Being in a legendary band worshipped by many likely means you’ve been doing your thing for a long time, and the scourge of lineup changes has impacted your music way more than one time. The greats always find a way to push through and keep doing relevant work—Maiden, Priest, Sabbath—which keeps them a pillar of their musical community for years to come.
Classic Swedish doom metal band Candlemass has hardly avoided chaos over the years, and from the time their last album “Psalms for the Dead” arrived seven long years ago in 2012, changes have struck the group all over again. Except this time, their new frontman is a familiar face from the past—Johan Längqvist, who performed vocals as a session singer on the band’s incredible debut album “Epicus Doomicus Metallicus.” It was a welcome surprise to longtime fans to hear he was returning to the fold, but the proof of their might would be in the music they made, which we now have with their 12th album “The Door to Doom,” as ideal a title as you’re going to find. This eight track, nearly 49-miniute record sure as hell delivers, over and over again, bringing doom magic like these guys have been making for years. The band—rounded out by guitarists Mats Bjorkman and Lars Johansson, bassist Leif Edling, and drummer Jan Lindh—sounds channeled and alive, as if they’re breathing dank new life again after renewing their mission to drub you and scorch you to hell.

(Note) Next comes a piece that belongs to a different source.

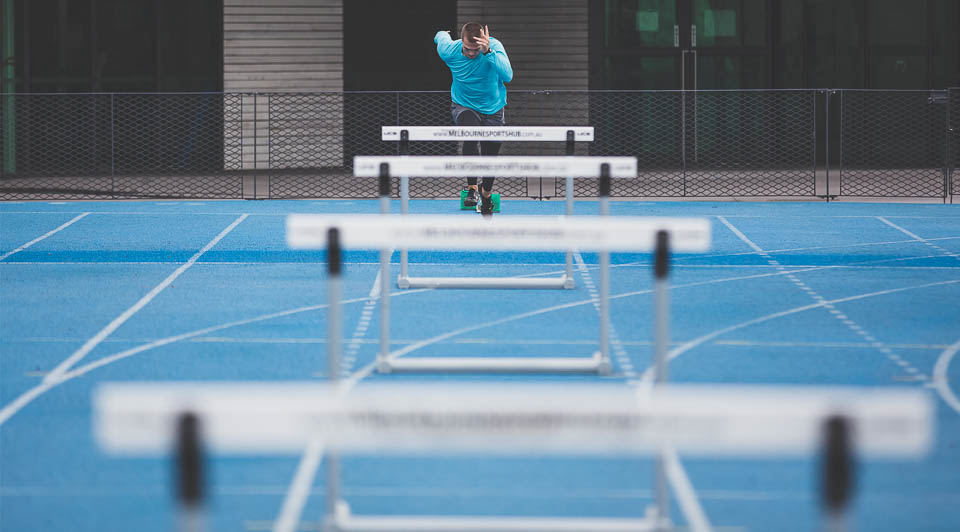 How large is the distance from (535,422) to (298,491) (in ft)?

“Splendor Demon Majesty” starts off the record perfectly, bristling in its presence of satanic powers. The track punches right away, with Längqvist wondering, “Will this be a new beginning or orchestrate the end?” The chorus is powerful, with the command to “hear the doomsday bell” (which you do hear), while guitars spread out, and Längqvist burns to the “sounds of 666.” “Under the Ocean” starts acoustic and trippy with hushed vocals before the track is torn open. The singing is in full command, while the soloing catches fire and scorches, leading to a cooling, mystical area. The chorus bursts out of that before things end in a psyche haze. “Astorolus – The Great Octopus” sounds like a batshit idea on the surface, but it fucking rules. Slow drumming paves the way for pulverizing riffs, verses that boil, and Längqvist wailing over the chorus, “There’s a mountain of skulls, you swallow the earth.” If this song wasn’t killer enough, Tony Iommi (of some band whose name is on the tip of my tongue) rips away, adding a bluesy fury in his own awesome way, with the band smashing and sweltering from there. “Bridge of the Blind” pulls things back, as it’s a haunting doom ballad led by colder guitars, soulful singing, and a classic metal feel. “Will you be waiting on the other side?” Längqvist calls before the song melts away.
“Death’s Wheel” begins to chew away as the riffs start to kill, and the vocals just soar over the verses. The guitars burn flesh later as the soloing sinks in, but then they buzz away, grinding away at rock. The tempo rounds back in later, with Längqvist howling, “The wheel is spinning round and round,” before the track bleeds away. “Black Trinity” is a strange one, a little darker than what preceded it, and one that feels sludgy at the start. A strange section that sounds like the exhaust from a machine kicks in before the solo blasts, and the chorus heads back for one more shot. The title cut fittingly opens with rain and thunder before the band hits on a faster pace. The chorus is simple but satisfying, with Längqvist welcoming you to the door to doom, while organs swell, and the horror gets thicker. Then the pace changes up, with a thick, Sabbath-style solo blistering as the track slips into the mud. “The Omega Circle” closes the album, letting off mystical fog that the guitars slice right through. The chorus is a change of pace, and then we’re back to strangeness, as Längqvist calls, “In the midnight hour and the souls devoured.” The track stomps and hulks, seemingly fading away, before a guitar-led charge heads in for a redux, sending thick plumes of smoke into the night sky.
Candlemass have been making some of the finest doom—hell, any style of metal—ever since their inception in 1984, and here we are, 35 years later, and they’re still cracking skulls on “The Door to Doom.” Having Längqvist back in the fold is a welcome return, and the rest of the band sounds as fresh as they ever have on this record. Candlemass have been creating great music and influencing legions of followers for decades, and that’s something that’s nowhere near ending.